By Spy Uganda
If you’re under 50 years old and experiencing symptoms like diarrhea, stomach pain, bloody stools, or anemia, you may want to get screened for colorectal cancer.
That’s because having just one of these symptoms is associated with an almost doubled risk of colorectal cancer (often shortened to colon cancer) in adults under 50, according to a new study published in the Journal of the National Cancer Institute.
With two of these symptoms, the colon cancer risk more than triples. And with at least three of these symptoms, the risk is more than 6 times higher.
“Colorectal cancer is not simply a disease affecting older people; we want younger adults to be aware of and act on these potentially very telling signs and symptoms — particularly because people under 50 are considered to be at low risk, and they don’t receive routine colorectal cancer screening,” senior study author Yin Cao, ScD, an associate professor of at the Washington University School of Medicine in St. Louis, said in a statement.
Who Should Be Screened for Colorectal Cancer?
This year, roughly 13 percent of the estimated 153,000 new cases of colorectal cancer will be diagnosed in people under 50 years old, according to a study published in March by the American Cancer Society. That’s 9 percent more cases among younger adults than there were in 2020, this analysis found.
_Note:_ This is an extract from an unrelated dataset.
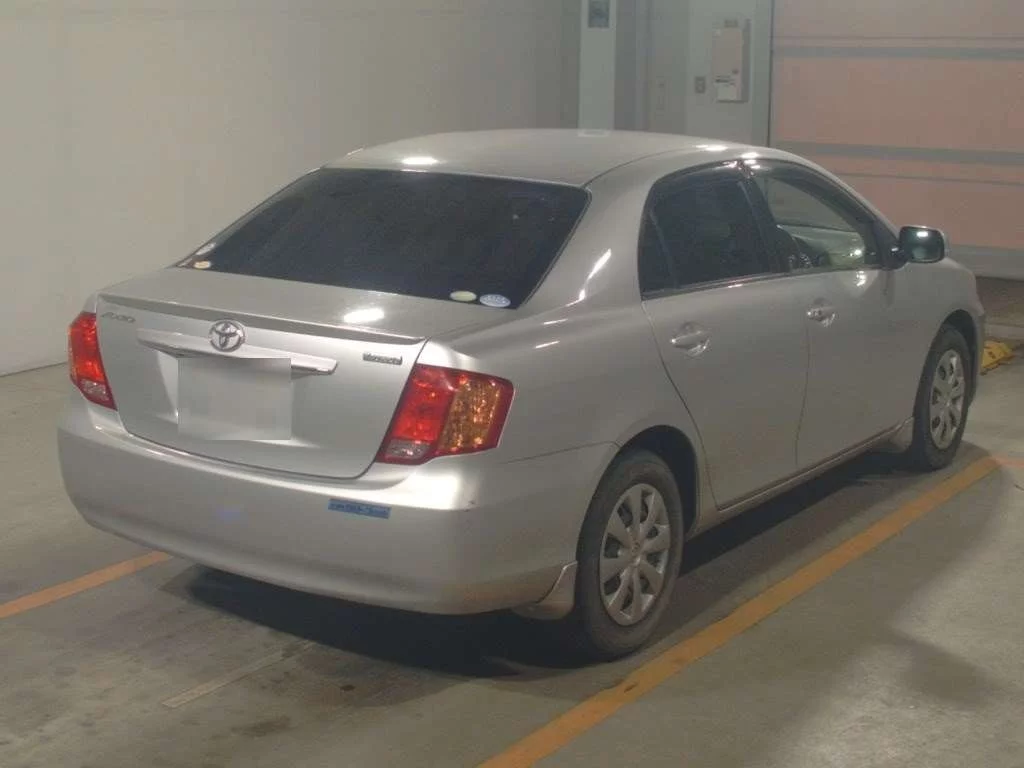 Toyota Corolla Axio  с аукциона в Японии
Recognizing the rising cases among younger adults, the U.S. Preventive Services Task Force in 2021 revised its screening recommendations to urge people to start testing for colon cancer at age 45, instead of waiting until 50.
Because of these screening recommendations and improved treatment options, the death rate among older adults from colorectal cancer has been dropping for several decades, according to the American Cancer Society.
But early-onset colorectal cancer (before the age of 45) is more likely to be diagnosed at an advanced stage with lower survival odds — which is why paying attention to these red-flag symptoms is important.
Still, many don’t get screened because they don’t want to undergo an invasive colonoscopy, which requires advance preparation to empty the bowels and then general anesthesia during the procedure. Roughly one-third of adults 50 to 75 years old, a group that has long been advised to get screening, don’t do so, according to the Centers for Disease Control and Prevention.